───── Source data ─────
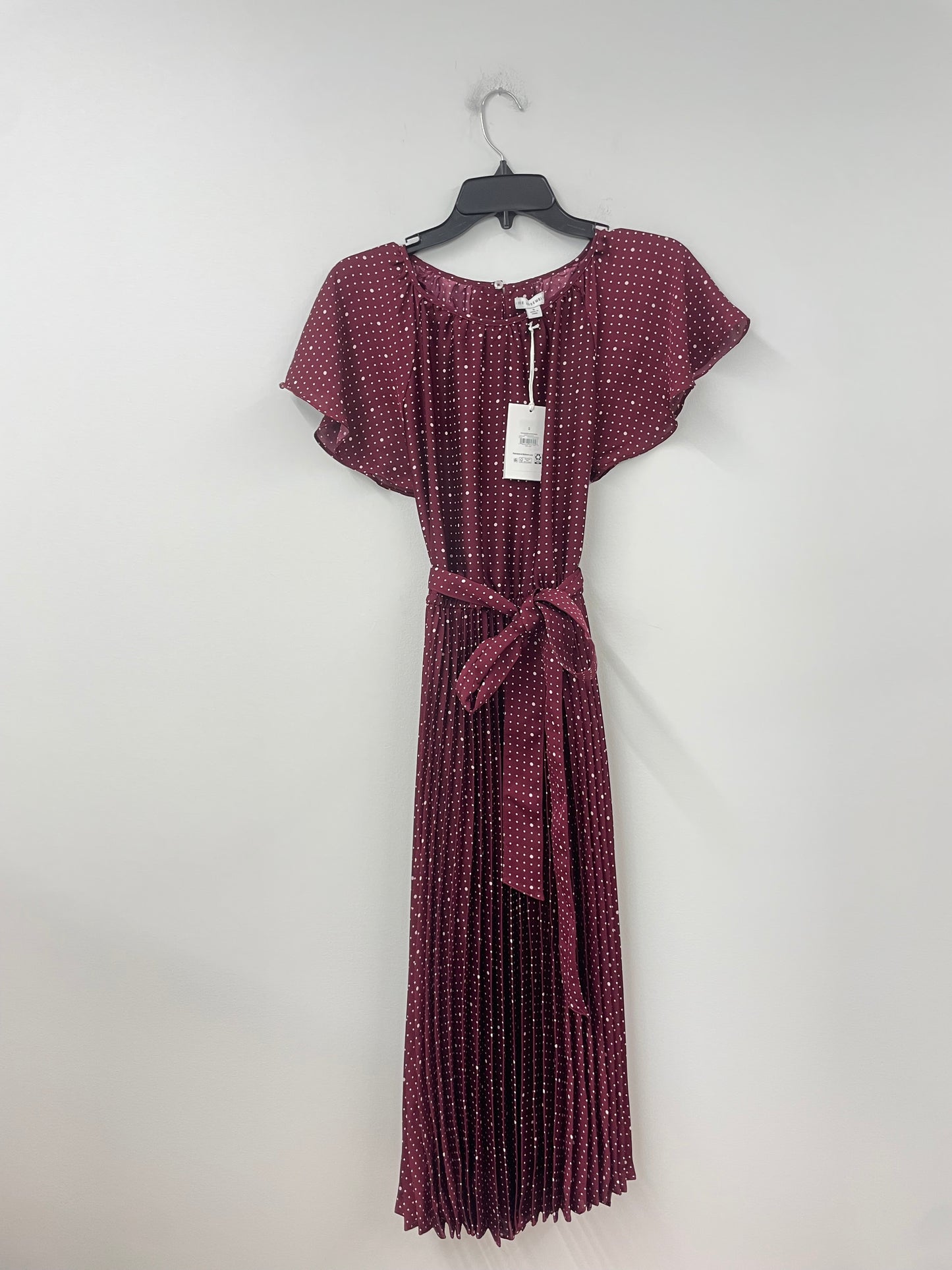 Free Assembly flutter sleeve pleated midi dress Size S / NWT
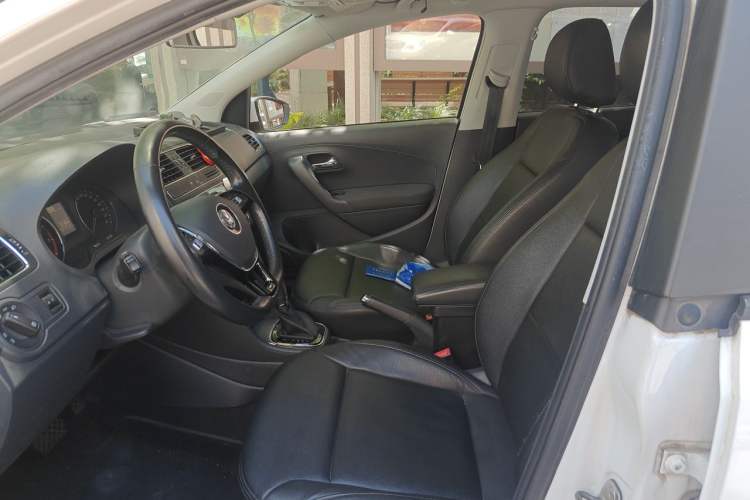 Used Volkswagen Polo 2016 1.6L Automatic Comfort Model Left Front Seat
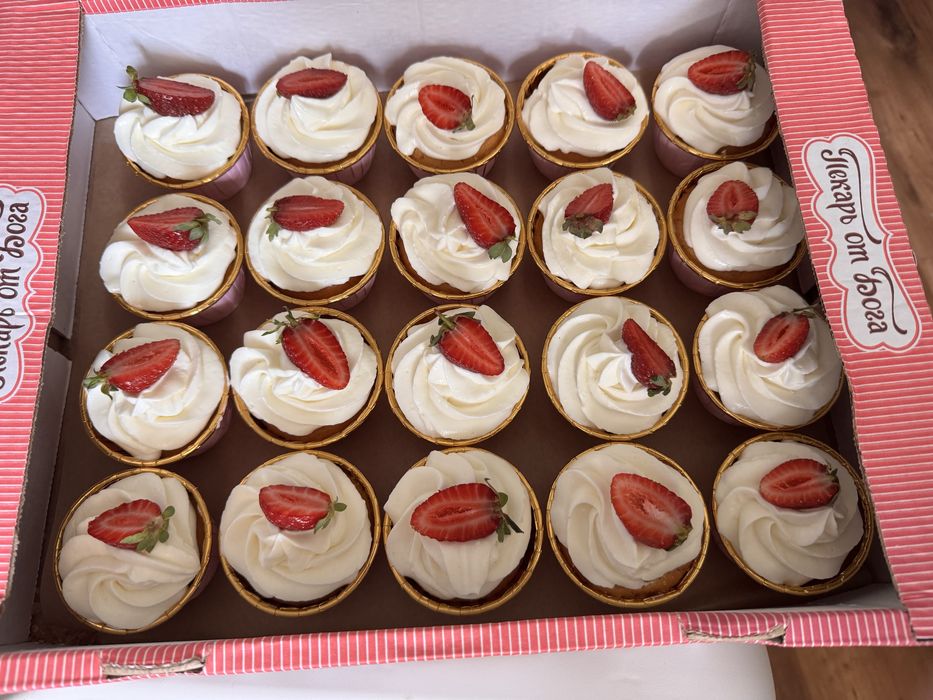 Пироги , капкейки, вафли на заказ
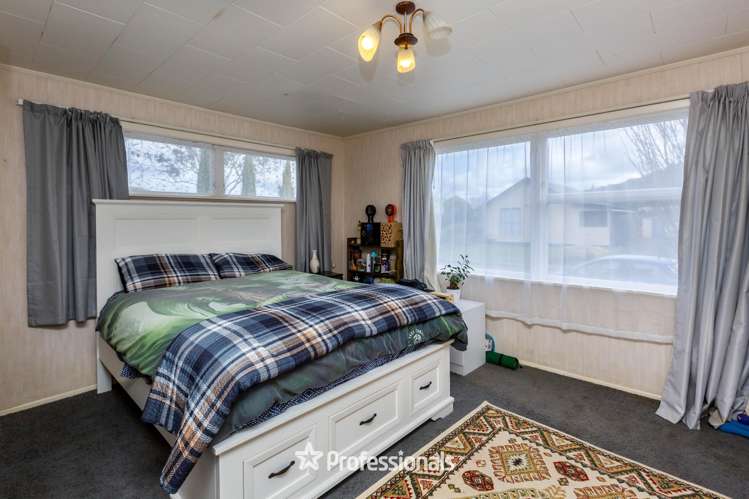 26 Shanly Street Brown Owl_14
─────
───── Source data ─────
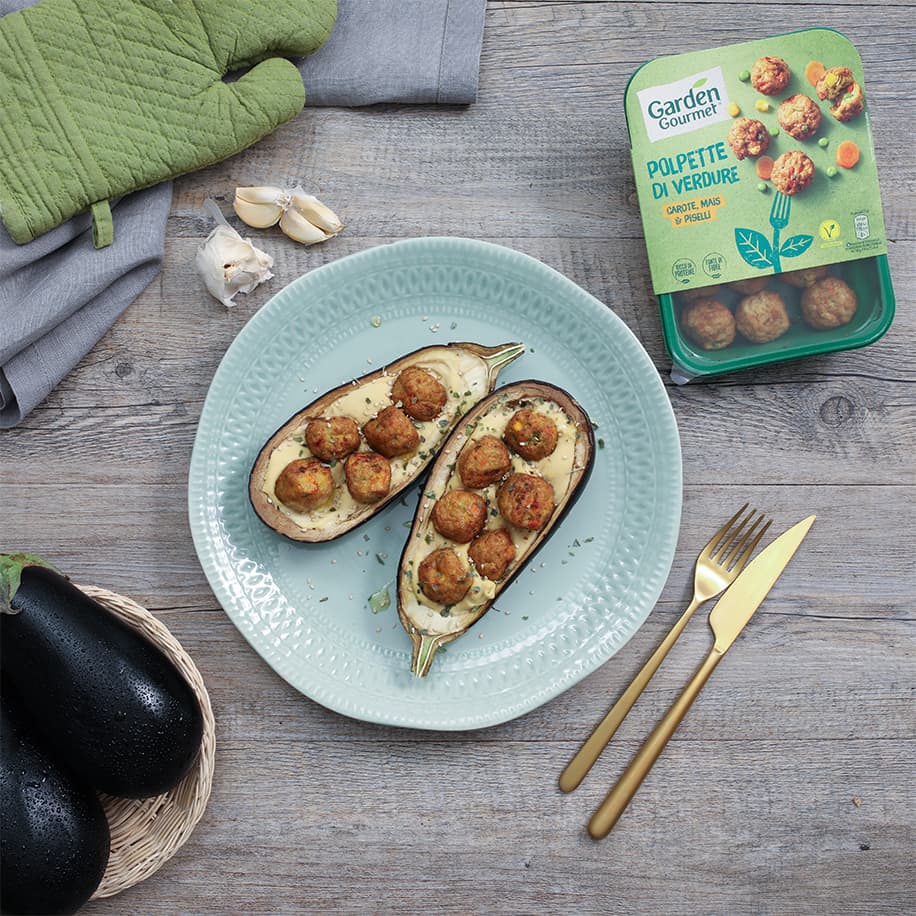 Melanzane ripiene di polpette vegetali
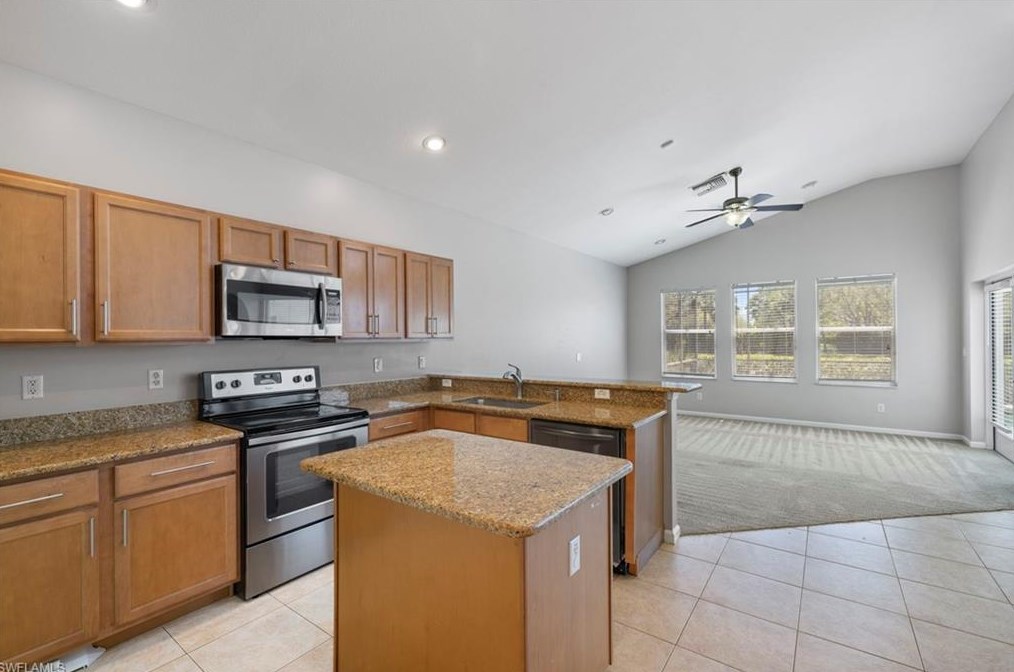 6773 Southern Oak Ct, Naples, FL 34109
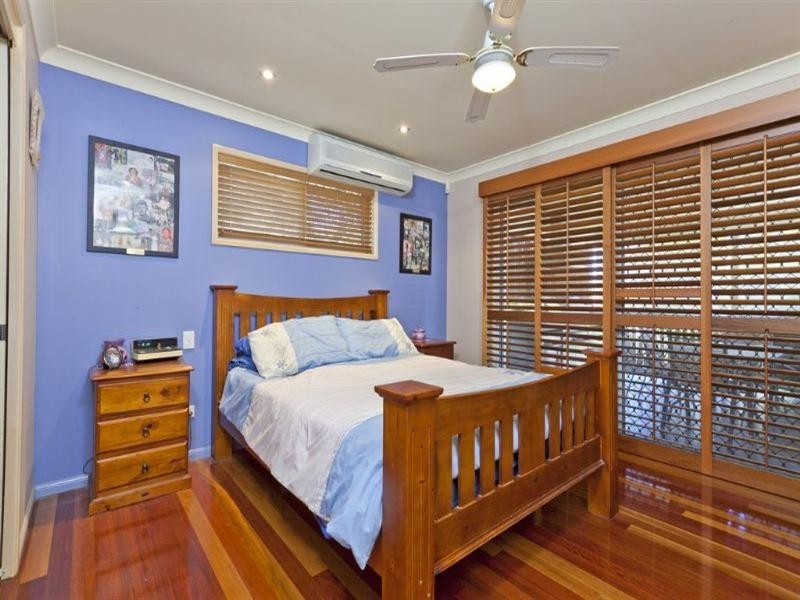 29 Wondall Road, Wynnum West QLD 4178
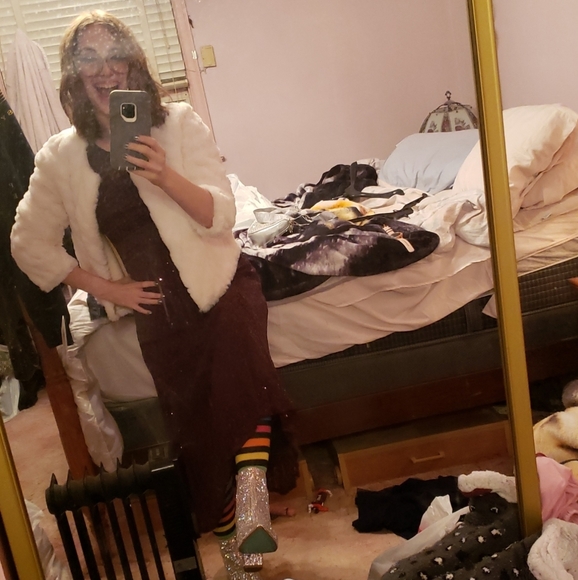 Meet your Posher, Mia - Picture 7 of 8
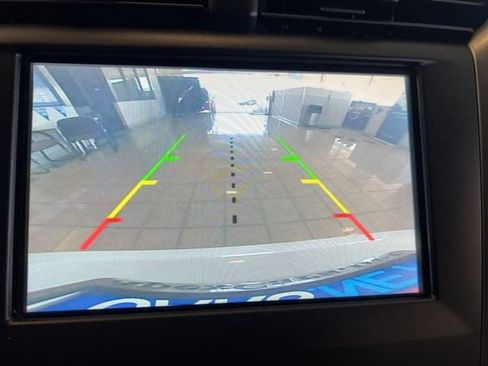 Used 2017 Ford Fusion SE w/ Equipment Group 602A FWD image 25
─────
───── Source data ─────
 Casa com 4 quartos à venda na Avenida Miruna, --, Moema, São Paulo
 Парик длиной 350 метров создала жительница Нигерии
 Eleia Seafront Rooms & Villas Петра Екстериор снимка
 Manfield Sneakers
─────
Work instruction: Using the data above, retype exactly the lines from the line with "Free Assembly flutter" to the line with "26 Shanly Street Brown Owl_14", inclusive. No pictures and nothing else.

Exercise output:
 Free Assembly flutter sleeve pleated midi dress Size S / NWT
 Used Volkswagen Polo 2016 1.6L Automatic Comfort Model Left Front Seat
 Пироги , капкейки, вафли на заказ
 26 Shanly Street Brown Owl_14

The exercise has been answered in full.